Start of Data

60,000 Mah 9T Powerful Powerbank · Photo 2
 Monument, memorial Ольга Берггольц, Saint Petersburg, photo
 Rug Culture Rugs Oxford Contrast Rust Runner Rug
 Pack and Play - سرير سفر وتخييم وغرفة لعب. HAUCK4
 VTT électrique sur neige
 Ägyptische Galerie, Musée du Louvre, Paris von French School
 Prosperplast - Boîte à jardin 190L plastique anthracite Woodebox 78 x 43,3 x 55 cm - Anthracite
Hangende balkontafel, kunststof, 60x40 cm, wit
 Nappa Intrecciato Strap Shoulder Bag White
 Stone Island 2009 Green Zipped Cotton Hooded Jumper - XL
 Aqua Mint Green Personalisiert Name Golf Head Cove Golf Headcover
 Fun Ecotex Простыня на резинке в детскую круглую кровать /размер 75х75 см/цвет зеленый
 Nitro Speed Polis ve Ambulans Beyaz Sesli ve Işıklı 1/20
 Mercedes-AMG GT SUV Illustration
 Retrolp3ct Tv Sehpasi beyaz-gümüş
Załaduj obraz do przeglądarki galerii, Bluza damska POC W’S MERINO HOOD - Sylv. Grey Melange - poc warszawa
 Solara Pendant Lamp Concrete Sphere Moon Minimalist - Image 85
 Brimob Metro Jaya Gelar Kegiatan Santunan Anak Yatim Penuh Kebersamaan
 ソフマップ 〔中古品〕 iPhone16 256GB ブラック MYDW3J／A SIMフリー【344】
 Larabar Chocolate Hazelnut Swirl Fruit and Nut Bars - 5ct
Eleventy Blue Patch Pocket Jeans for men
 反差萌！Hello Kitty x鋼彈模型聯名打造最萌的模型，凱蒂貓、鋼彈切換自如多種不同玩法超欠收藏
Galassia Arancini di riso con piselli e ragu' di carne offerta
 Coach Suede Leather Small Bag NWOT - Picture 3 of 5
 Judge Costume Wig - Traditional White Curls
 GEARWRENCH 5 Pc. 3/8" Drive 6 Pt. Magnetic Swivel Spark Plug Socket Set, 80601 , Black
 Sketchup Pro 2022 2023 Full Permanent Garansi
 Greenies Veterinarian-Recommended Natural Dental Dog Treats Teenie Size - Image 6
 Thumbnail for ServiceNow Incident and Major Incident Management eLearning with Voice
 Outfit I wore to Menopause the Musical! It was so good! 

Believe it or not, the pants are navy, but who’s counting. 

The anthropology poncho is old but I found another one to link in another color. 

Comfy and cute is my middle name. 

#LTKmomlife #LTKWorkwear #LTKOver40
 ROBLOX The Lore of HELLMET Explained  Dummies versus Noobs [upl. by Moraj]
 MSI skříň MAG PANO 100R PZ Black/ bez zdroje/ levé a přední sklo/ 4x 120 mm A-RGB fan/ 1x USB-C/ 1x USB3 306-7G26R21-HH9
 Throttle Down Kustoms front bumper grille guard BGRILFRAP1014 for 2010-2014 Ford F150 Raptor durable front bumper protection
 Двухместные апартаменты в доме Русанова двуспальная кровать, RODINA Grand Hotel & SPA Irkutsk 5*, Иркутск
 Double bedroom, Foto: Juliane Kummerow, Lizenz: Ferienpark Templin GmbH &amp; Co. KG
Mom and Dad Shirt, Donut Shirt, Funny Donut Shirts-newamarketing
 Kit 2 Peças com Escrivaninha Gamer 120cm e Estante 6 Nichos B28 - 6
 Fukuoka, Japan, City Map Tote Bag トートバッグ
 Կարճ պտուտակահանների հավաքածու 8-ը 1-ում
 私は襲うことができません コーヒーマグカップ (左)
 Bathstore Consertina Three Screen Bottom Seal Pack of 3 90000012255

End of Data

Your objective
Only one stretch is wanted, so please give again exactly the lines from the start of the data through the line containing "Retrolp3ct Tv Sehpasi beyaz-gümüş", both ends included.

Response area
60,000 Mah 9T Powerful Powerbank · Photo 2
 Monument, memorial Ольга Берггольц, Saint Petersburg, photo
 Rug Culture Rugs Oxford Contrast Rust Runner Rug
 Pack and Play - سرير سفر وتخييم وغرفة لعب. HAUCK4
 VTT électrique sur neige
 Ägyptische Galerie, Musée du Louvre, Paris von French School
 Prosperplast - Boîte à jardin 190L plastique anthracite Woodebox 78 x 43,3 x 55 cm - Anthracite
Hangende balkontafel, kunststof, 60x40 cm, wit
 Nappa Intrecciato Strap Shoulder Bag White
 Stone Island 2009 Green Zipped Cotton Hooded Jumper - XL
 Aqua Mint Green Personalisiert Name Golf Head Cove Golf Headcover
 Fun Ecotex Простыня на резинке в детскую круглую кровать /размер 75х75 см/цвет зеленый
 Nitro Speed Polis ve Ambulans Beyaz Sesli ve Işıklı 1/20
 Mercedes-AMG GT SUV Illustration
 Retrolp3ct Tv Sehpasi beyaz-gümüş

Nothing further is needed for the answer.